Чаз покачал головой. Его глаза казались слепыми за стеклами очков, по верхней губе ползла тонкая струйка пота.
– Я не говорил ему, но Клив и сам мог догадаться. Мэтт был ближайшим другом Гарри, они вместе собирали модели поездов, всегда ходили вдвоем, и оба казались слишком маленькими для своего возраста.
– Я понимаю, почему ты оставил кассету у себя, когда Мэттью Уотли передал ее тебе, – произнес Линли. – Этого было достаточно, чтобы положить конец издевательствам. Может быть, я бы на твоем месте поступил иначе, но, во всяком случае, я тебя понимаю. Я не понимаю другого: прошло уже три дня с тех пор, как Мэттью найден мертвым. Ты же знал…
– Ничего я не знал! – отчаянно запротестовал Чаз. – Я и сейчас не знаю. Да, Клив издевался над Гарри Морантом, да, Мэттью сделал эту запись, и у него остался дубликат, который Клив хотел отобрать. Но больше я ничего не знаю.
– И что же ты подумал, узнав об исчезновении Мэттью?
– То же, что и все остальные: я решил, что он сбежал. Ему тут несладко приходилось. Друзей почти не было.
– А что ты подумал, когда нашли его тело?
– Я не знал. Я не знаю. Я не… – Голос его сорвался. Юноша тяжело рухнул в кресло.
– Ты просто не хотел ничего знать, – упрекнул его Линли. – Ты предпочел не задавать вопросов. Ты закрывал на все глаза, верно? – Засунув кассету в карман, Линли еще раз оглядел цитаты, висевшие на стене. В комнате было душно, пахло потом, пахло страхом.
– Ты забыл слова Марло, – сказал он мальчику– «Нет хуже греха, чем неведение». Добавь их к своей коллекции.
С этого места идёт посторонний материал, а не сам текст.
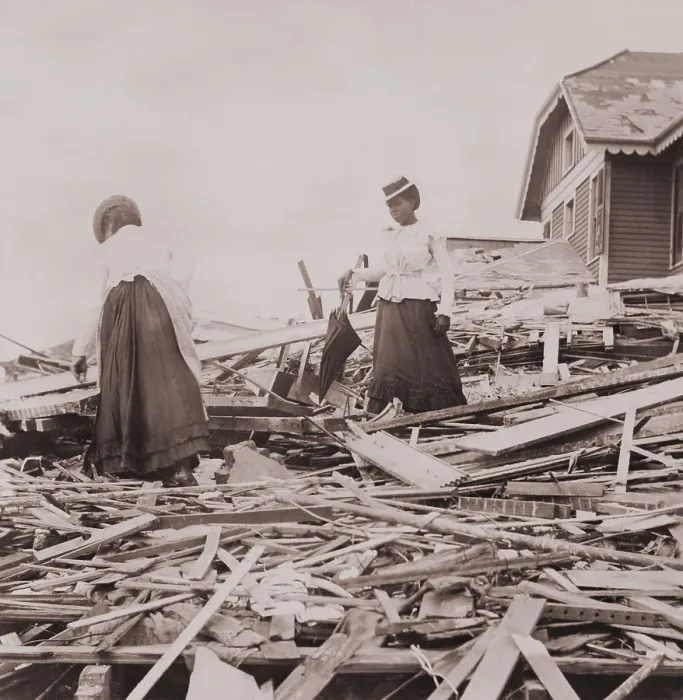 Framed Print : Two African American women on rubble trying to find where their Galveston home stood Framed Print : Two African American women on rubble trying to find where their Galveston home stood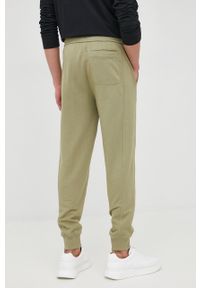 Calvin Klein Jeans spodnie bawełniane męskie kolor czarny gładkie. Kolor: zielony. Materiał: bawełna. Wzór: gładki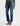 A woman wearing mid-rise medium blue wash straight leg denim with a distressed hem, fading, and gold stitching on a white background.
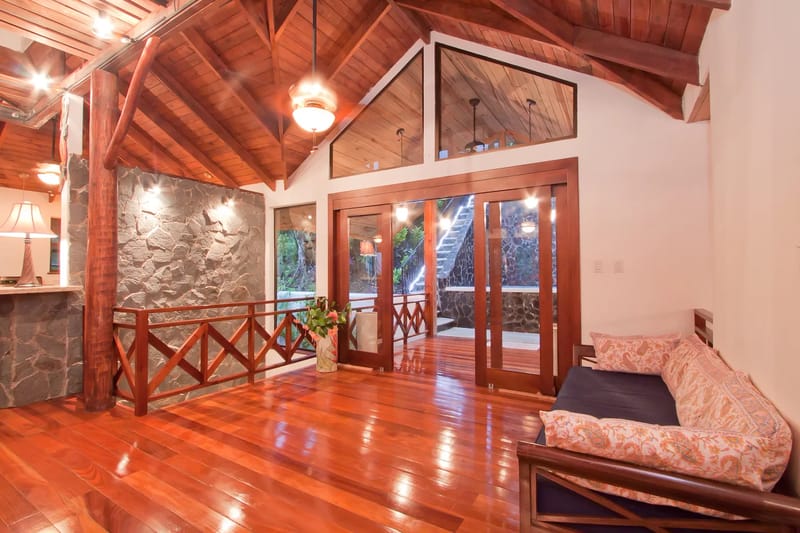 Bali Tree House · 9. A living room with a wooden vaulted ceiling, hardwood floor, stone accent wall, and a daybed, featuring glass doors opening to an exterior staircase.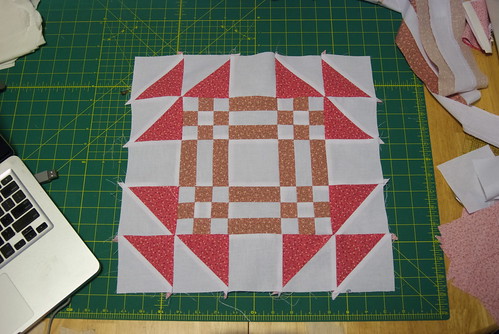 This 15' Goose in the Pond block sent me scurrying back to call reproductionfabrics.com to get her to ship me additional fabrics. I dissected this block into two parts -- the cinnamony interior and the bright pink exterior.  The bright pink exterior got a sunnier pink to match it, and went on to become the quilt Lucy-Goosey. The cinnamony interiors got paired with a dusty lilac that brought out the best in the color, and will go on to be a quilt called Linus.

Seriously, if you're going to nickname a quilt Lucy, and spin off fabrics from it, what ELSE would you call it?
Детективы ушли. Чаз уронил голову на руки и зарыдал. Он не мог больше сдерживать свое горе – горе, семена которого он сам посеял, отвернувшись от брата, горе, которое созрело и расцвело после утраты Сисси, горе, принесшее горький и страшный плод.
Он хотел написать о том, что произошло с ним в эти дни. Поэзия могла бы очистить его душу. Когда-то стихи легко давались ему, он усеивал поверхность своего стола одами, посвященными Сисси, он писал ей, о ней, для нее. Но мучения этих последних дней, присоединившись к той пытке, что терзала его вот уже больше года, слепо гнали по однажды выбранному пути, заглушили внутренний голос, некогда обитавший в нем, наполнявший огнем его душу и питавший страсть к перу. Теперь уже не было слов, способных облегчить страдания. Страдание поглотило всю его жизнь, и не было ему ни начала, ни конца. Отчаяние, жестокое, уродливое отчаяние простиралось во все стороны, захватывая всех и все, что входило в круг его бытия.